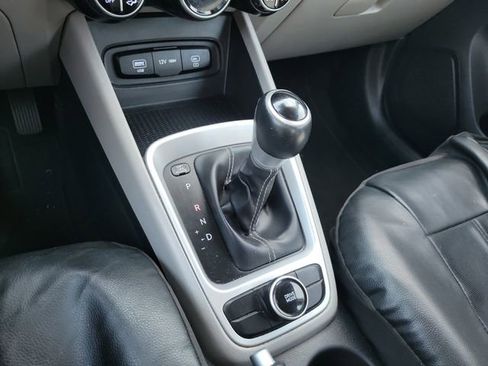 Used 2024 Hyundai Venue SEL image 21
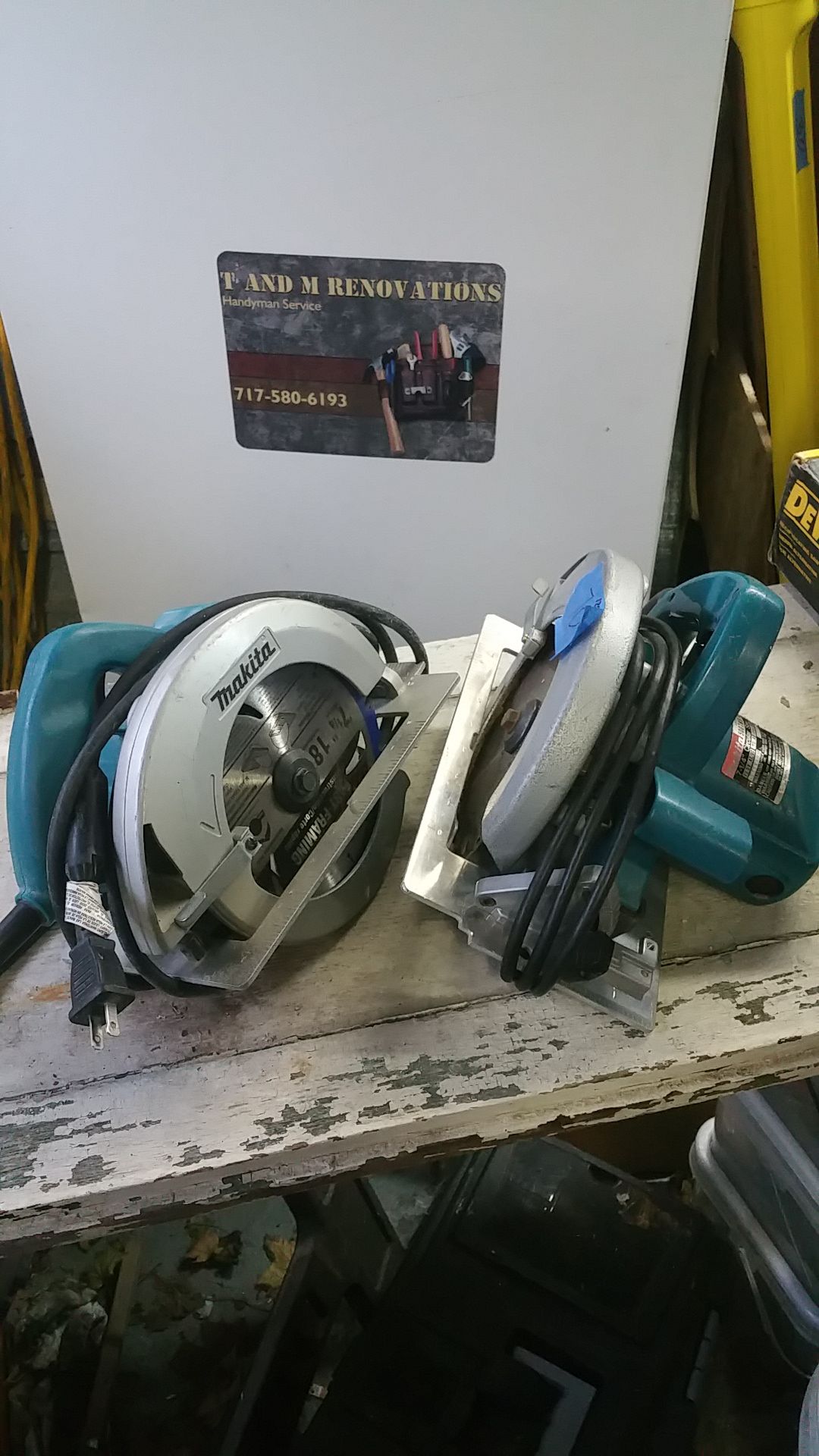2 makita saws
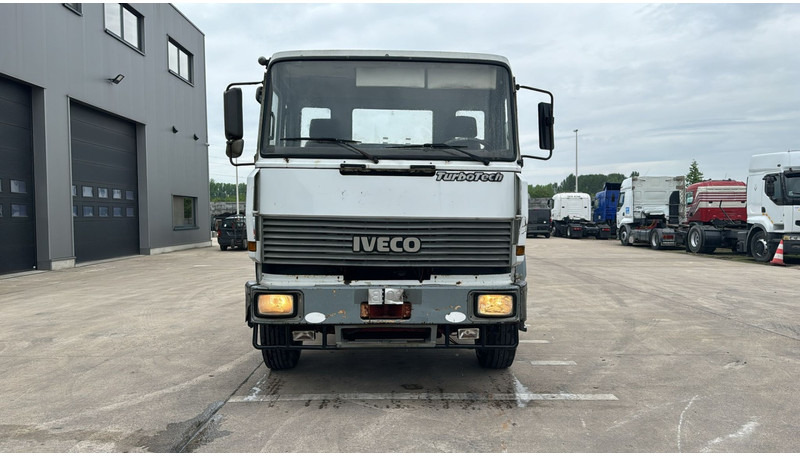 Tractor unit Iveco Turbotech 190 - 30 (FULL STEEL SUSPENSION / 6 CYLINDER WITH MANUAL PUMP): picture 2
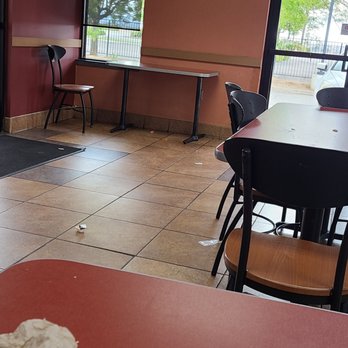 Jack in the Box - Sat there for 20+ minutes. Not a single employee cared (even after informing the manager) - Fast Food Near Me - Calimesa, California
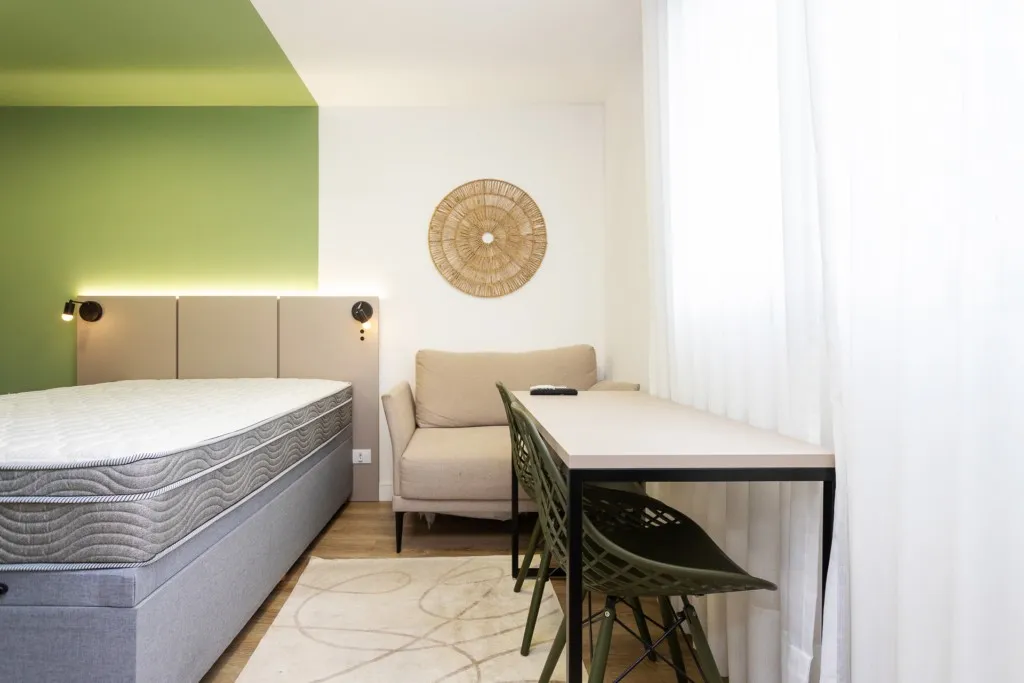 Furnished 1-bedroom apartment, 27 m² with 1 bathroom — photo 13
--
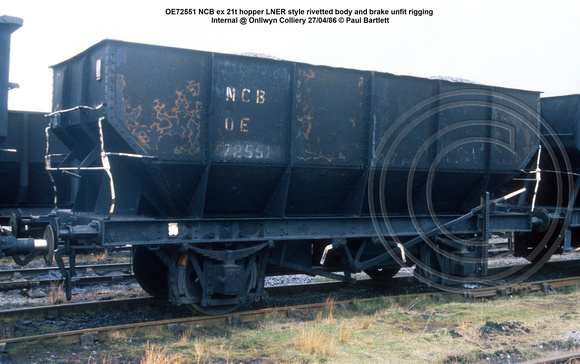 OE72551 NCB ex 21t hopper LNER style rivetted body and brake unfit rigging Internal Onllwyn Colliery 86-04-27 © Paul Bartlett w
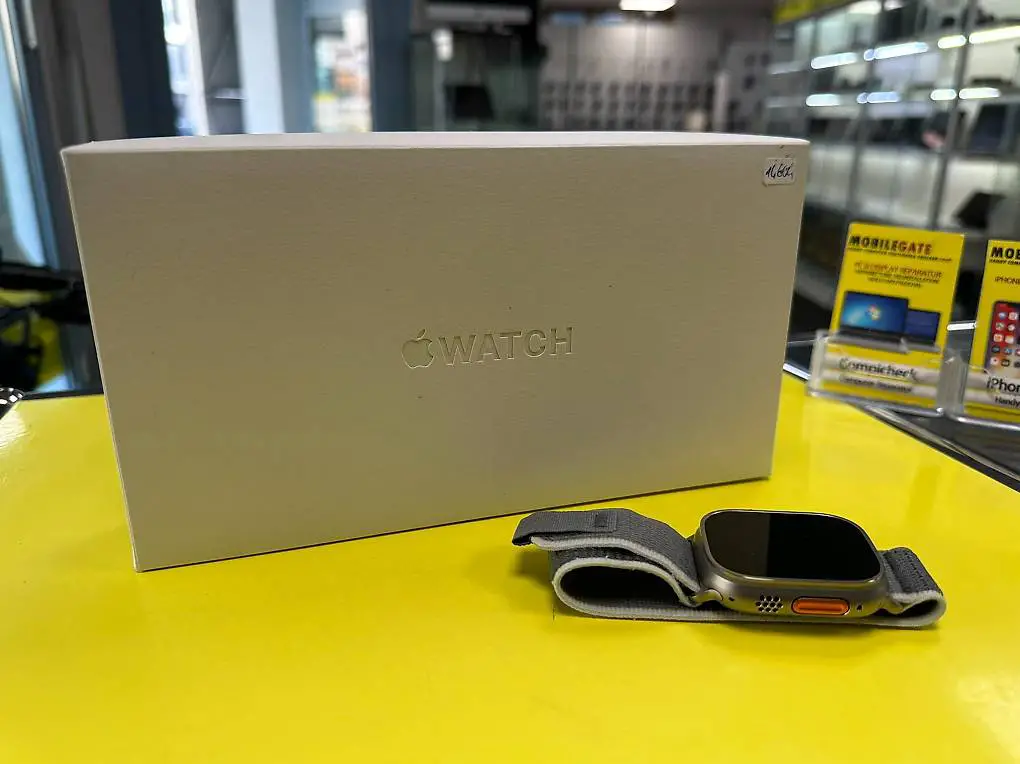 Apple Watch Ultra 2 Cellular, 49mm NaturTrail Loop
==
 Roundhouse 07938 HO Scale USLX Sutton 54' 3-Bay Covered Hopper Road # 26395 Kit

- [Action item]
Treat the line with "Used 2024 Hyundai Venue SEL image 21" as the start and the line with "Furnished 1-bedroom apartment, 27" as the end, and return exactly that span of the data above, both ends included, without pictures.

- [Output below]
 Used 2024 Hyundai Venue SEL image 21
2 makita saws
 Tractor unit Iveco Turbotech 190 - 30 (FULL STEEL SUSPENSION / 6 CYLINDER WITH MANUAL PUMP): picture 2
 Jack in the Box - Sat there for 20+ minutes. Not a single employee cared (even after informing the manager) - Fast Food Near Me - Calimesa, California
 Furnished 1-bedroom apartment, 27 m² with 1 bathroom — photo 13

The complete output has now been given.